Hey guys figured I would post this after a conversation I had today. There is a battery factory over in new castle, pa where I buy my deep cycle, actually all my batteries. I usually pay around half of retail. Last year I purchased 2 group 31 batteries for about $100. They are case blemished. It used to be called new castle battery buts I think it's called axiom now. Sometimes they have a lot sometimes a few. But stock is always changing. I live in Youngstown and its only a short drive. So if your in the area it's worth checking into. My father took me there twenty years ago when I needed my first deep cycles.


----------



## Snakecharmer (Apr 9, 2008)

Thanks! I'll have to remember that when I replace my starter battery. Do they take the old core?


----------



## bulafisherman (Apr 11, 2004)

I use the blems to, once in a great while you will get one that doesn't last as long as a new one but all in all its been worth the savings, iam using a deep cycle interstate one for 3 years now, got it for 35 dollars I believe, snakecharmer there is an interstate distributor up in Mentor that I go to for mine, right off of Tyler, I get my starter and deep cycle from them.

Sent from my ADR6300 using Ohub Campfire mobile app


----------



## TomC (Aug 14, 2007)

man, 100 bucks for two group 31 batteries? I'll take two of those right now! Im not sure where new castle is thou.


----------



## Pooch (Jun 16, 2014)

Just checked the name, Axion Power International. 3601 Clover Ln. New Castle,PA 16105. If anyone wanted to mapquest.


----------



## JC heir (Dec 6, 2013)

Pooch said:


> Just checked the name, Axion Power International. 3601 Clover Ln. New Castle,PA 16105. If anyone wanted to mapquest.

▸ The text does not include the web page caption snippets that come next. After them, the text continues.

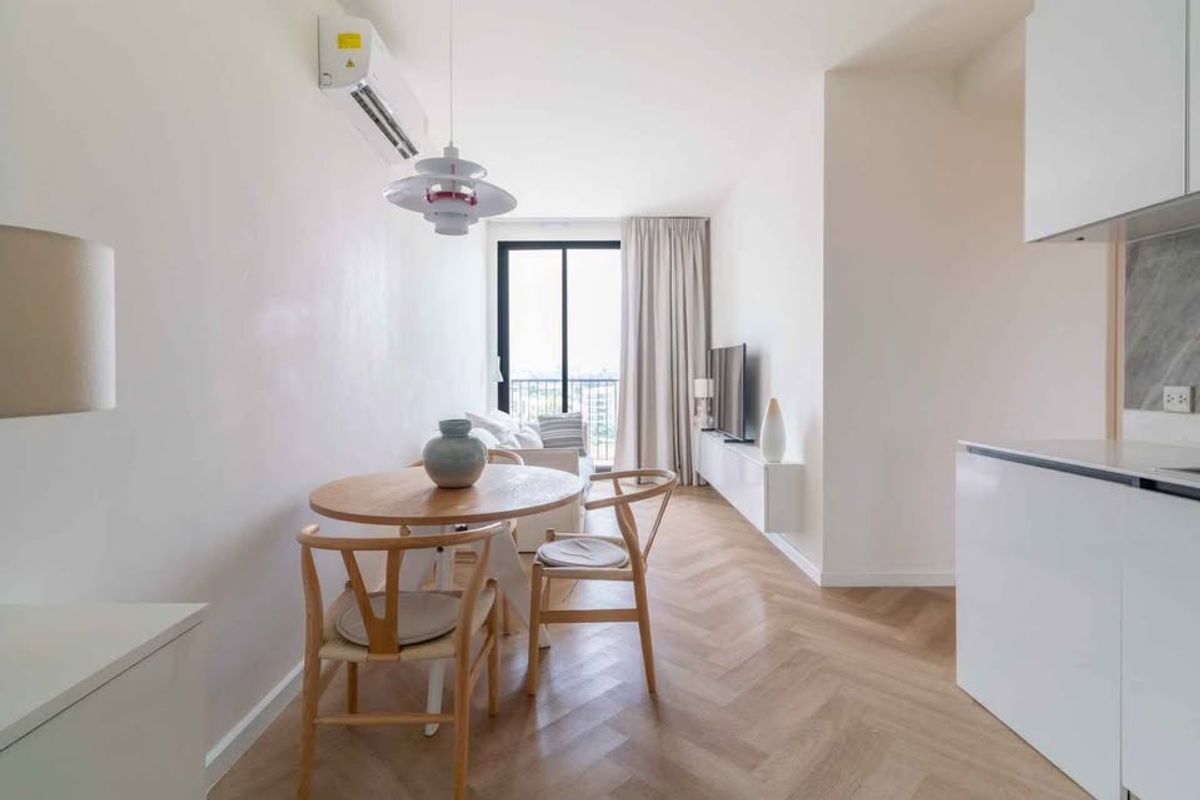 For RentCondoSukhumvit, Asoke, Thonglor : ⭐️ Maru Ekkamai 2 ⭐️2 Bedroom 2 Bathrooms 60 sqm. Complete furniture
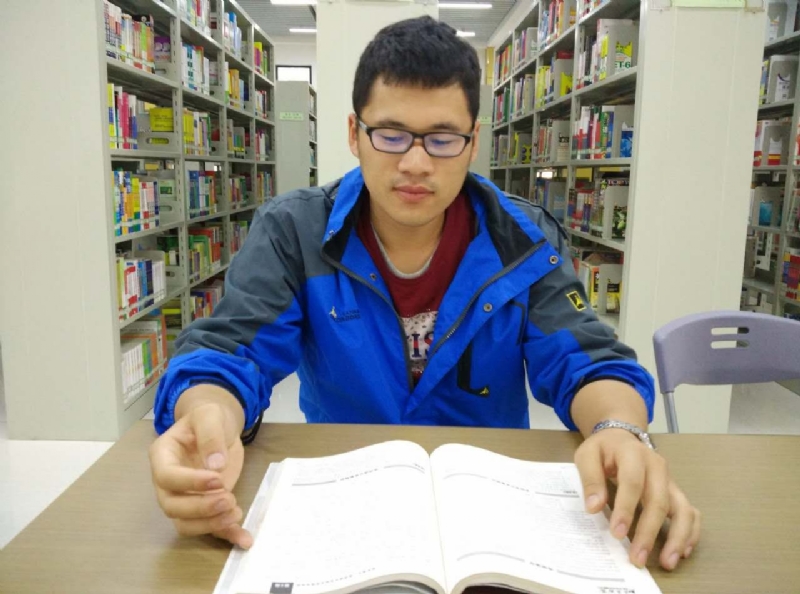 鲮的第四张照片--贵港相亲服务中心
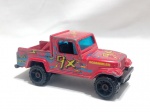 HOT WHEELS - Hot Wheels Jeep Scrambler da série HW Stunt de 2012, referência X1722. O modelo possui carroceria de metal vermelha com decalques de relâmpago e vidros azuis. Miniatura produzida pela Mattel, made in Malaysia. Detalhes conforme fotos, _(ºLº)_ Caso necessite, tire todas suas dúvidas via atendimento personalizado por WhatsApp: (11) 98681-9377. Não deixe para última hora! Antecipadamente agradecemos pelo seu lance. Sem testes ou garantias futuras de originalidade, funcionalidade, material ou procedência.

I called them....wrong place. Its now called Dubois battery, and they don't have any blems. new dc31=138.00 phone 724 674 2604


----------



## Pooch (Jun 16, 2014)

Hope that's not always the case. Been going there for twenty years. They have a service area/ shop there. You used to be able to walk in and the batteries would be on pallets in the back. That sucks if they don't sell the blems anymore. I'll have to take a ride over next week and talk with them.


----------



## JC heir (Dec 6, 2013)

The way the guy talked, the deep cycle batts aren't manufactured there anymore, but brought in from another plant.....hence, no blems. in fact t inemthey had tho make sure stock.


----------